We Publish Our AI Accuracy Numbers. Here's Why.
Ask a construction AI vendor how accurate their software is. You'll get one of three answers: a vague "very high," a cherry-picked number from a controlled demo, or silence. Nobody publishes their real numbers.
We do. Our accuracy benchmark is live, updated continuously, and based on 91,000+ AI executions across 12 production procurement workflows. Not lab results. Not demo data. Real documents from real projects processed by real users.
This post explains what those numbers mean, where we're strong, where we're still improving, and why we think publishing accuracy data should be table stakes for any company selling AI to the construction industry.
The trust gap in construction AI
Construction professionals are skeptical of new software. They have every reason to be. The industry has a long history of tools that demo well and fail on the jobsite — or in this case, fail on the actual spec book sitting on your desk.
When a vendor tells you their AI "reads documents," your next question should be: how well? What's the error rate? On which document types? At what volume? And if they can't answer those questions with specifics, you're looking at a black box.
The problem is worse in procurement. A missed piece of equipment on a $50M project isn't a rounding error — it's a change order.

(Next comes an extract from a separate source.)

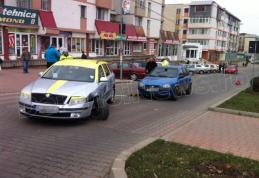 Accident produs pe Bulevardul Victoriei din Dorohoi: Mașini avariate și un bărbat rănit ușor - FOTO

A misread spec isn't a minor bug — it's a wrong product quoted, a submittal rejected, a schedule slipping. Accuracy isn't a nice-to-have feature. It's the entire product.
So we made a decision early on: if accuracy is the product, then accuracy data should be public.
What the numbers actually mean
Here's the top-level summary as of this writing. You can check the live benchmark for current figures.
91,000+ total AI executions across 12 distinct procurement workflows. These include document classification, equipment extraction, spec parsing, schedule reading, and more. Each execution is a discrete task — classifying a single document, extracting equipment from a single schedule, parsing a single spec section.
89% overall accuracy across all workflows, weighted by volume. That's a blended number. Some workflows are effectively solved; others are genuinely hard and still improving. The overall number is honest but it hides important variation — which is exactly why we break it down.
The "effectively solved" tier
Some procurement tasks have clear structure, predictable formats, and well-defined outputs. Our accuracy on these is high enough that they run autonomously — humans review exceptions, not every result.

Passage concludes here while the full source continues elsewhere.